* Source data *
[Start of Attachment]

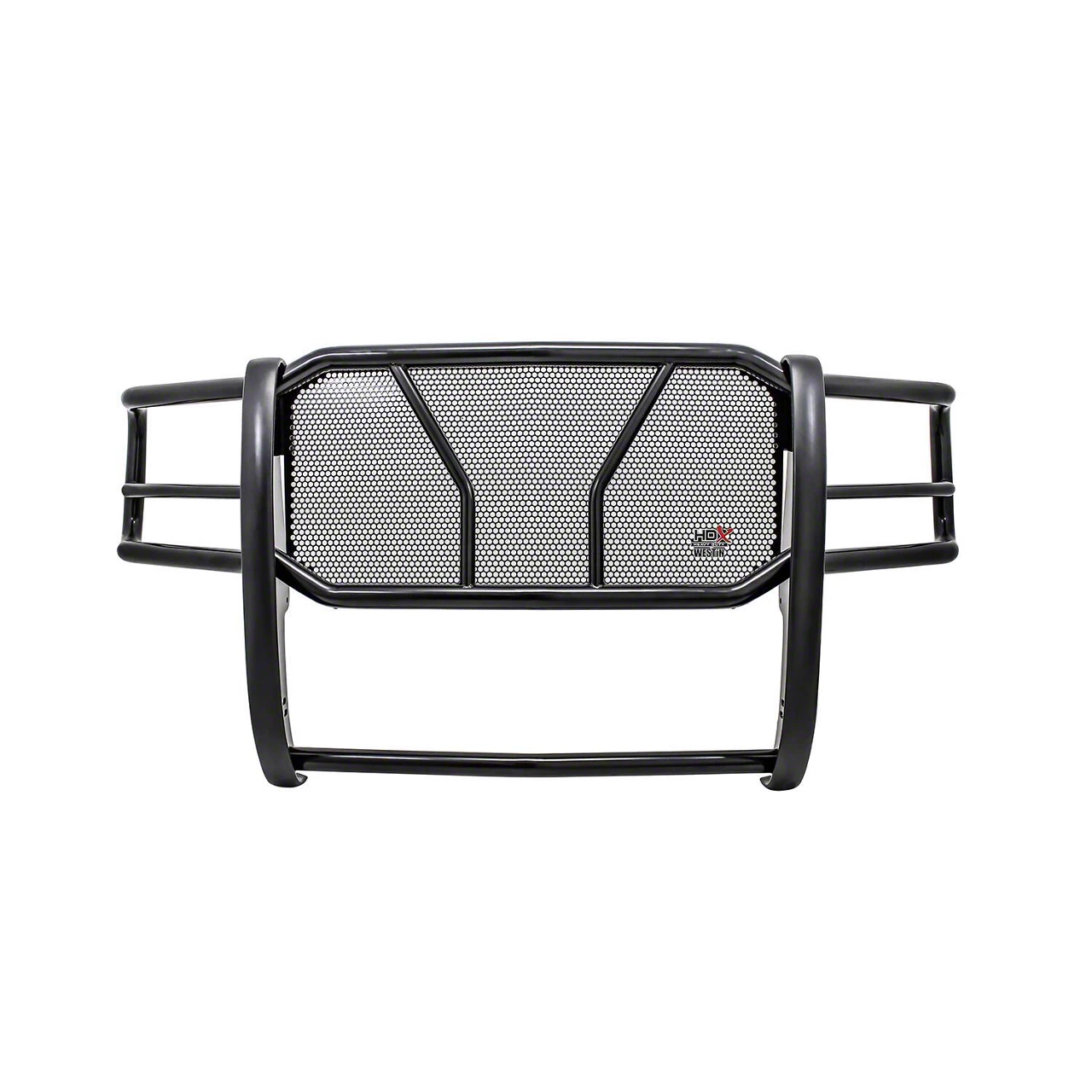 Westin HDX Grille Guard; Black (07-10 Silverado 2500 HD)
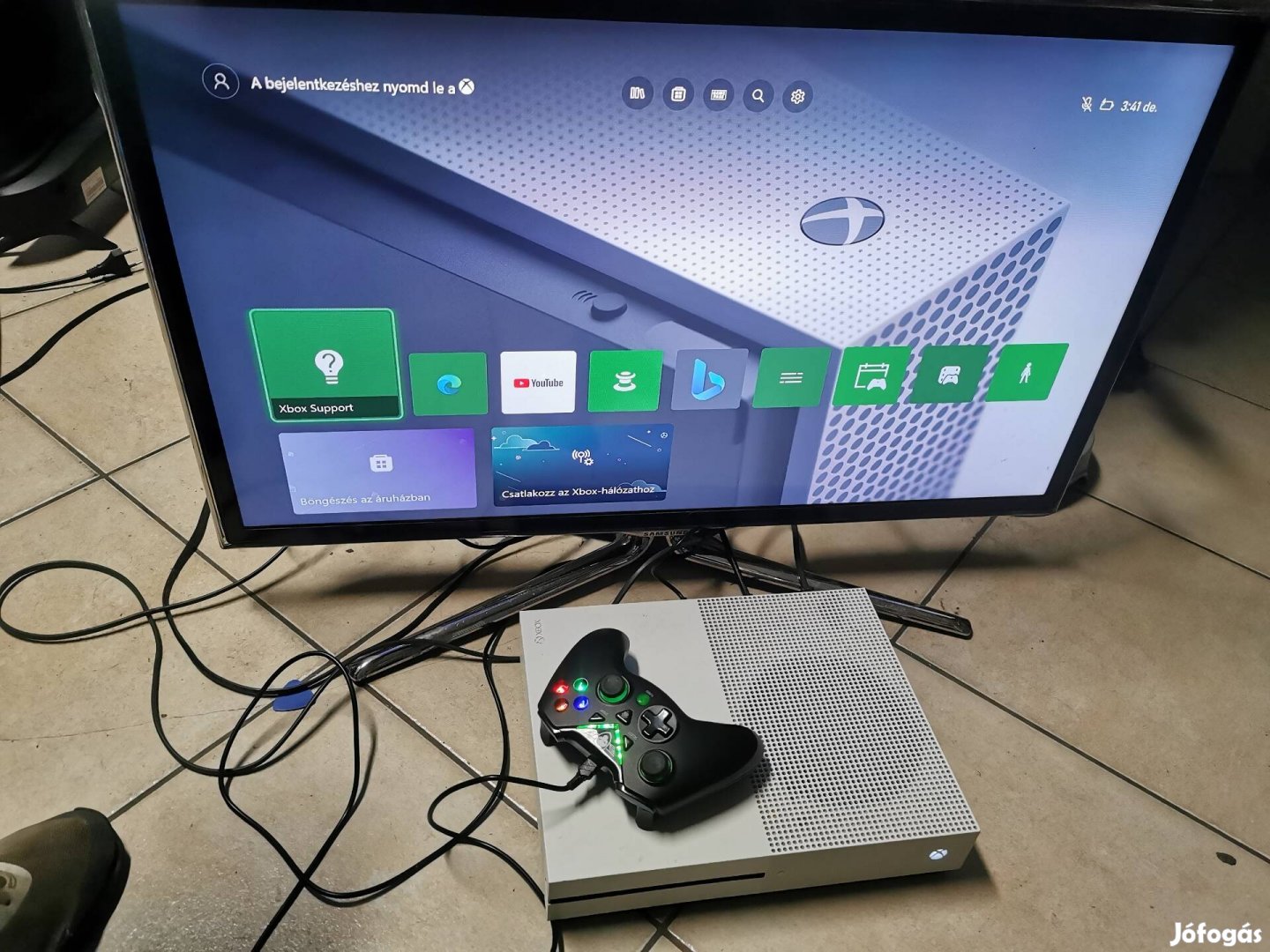 Xbox one s 1TB 1 kontrollerel 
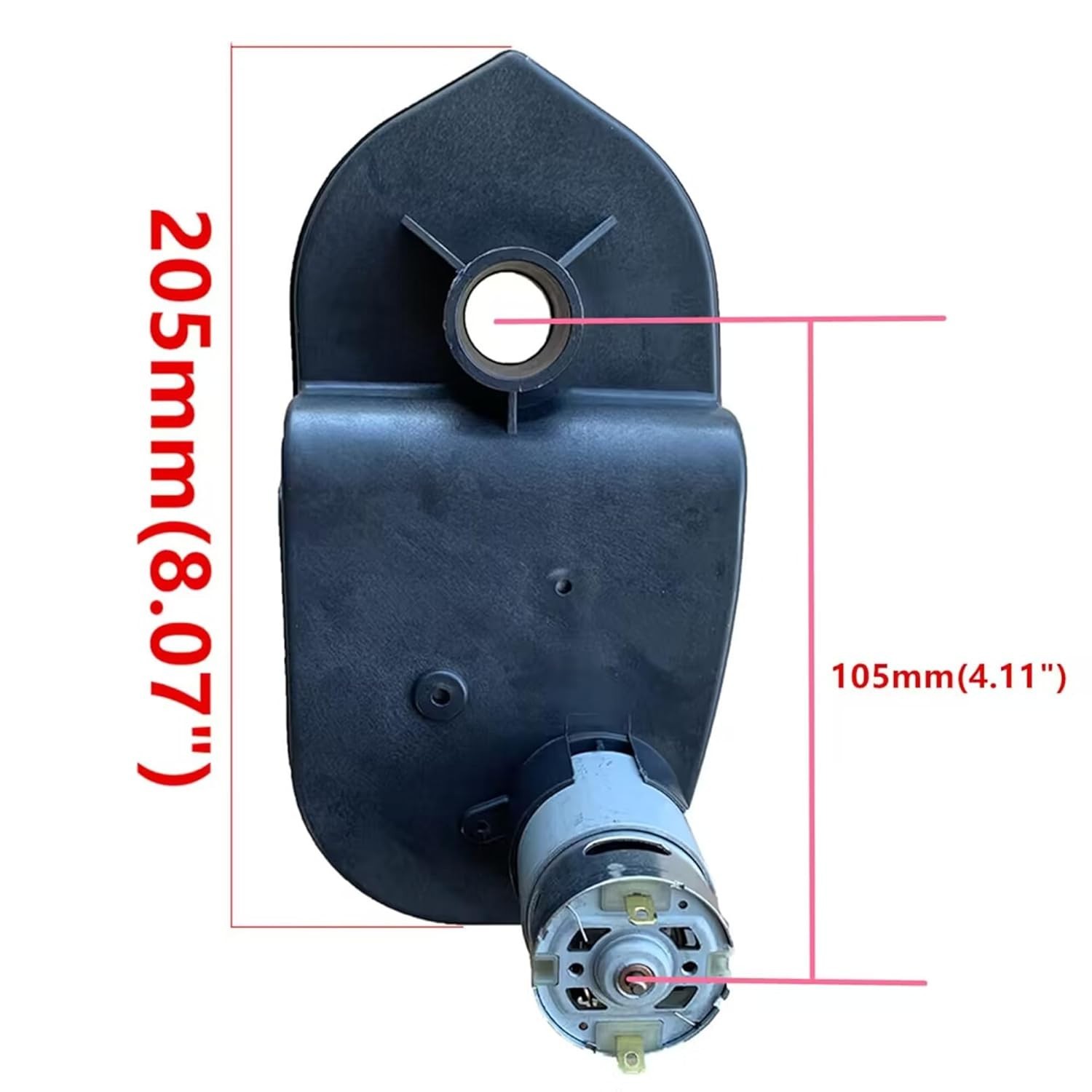 24V Gearbox for Power Wheels Large Axle Hole 24Volt Motor 30000RPM with Gear Box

[End of Attachment]

* About this exercise *
Once you find the line with "Xbox one s 1TB 1 kontrollerel", restate it and every later line of the data word for word, excluding the pictures.

* Answer to this exercise *
 Xbox one s 1TB 1 kontrollerel 
 24V Gearbox for Power Wheels Large Axle Hole 24Volt Motor 30000RPM with Gear Box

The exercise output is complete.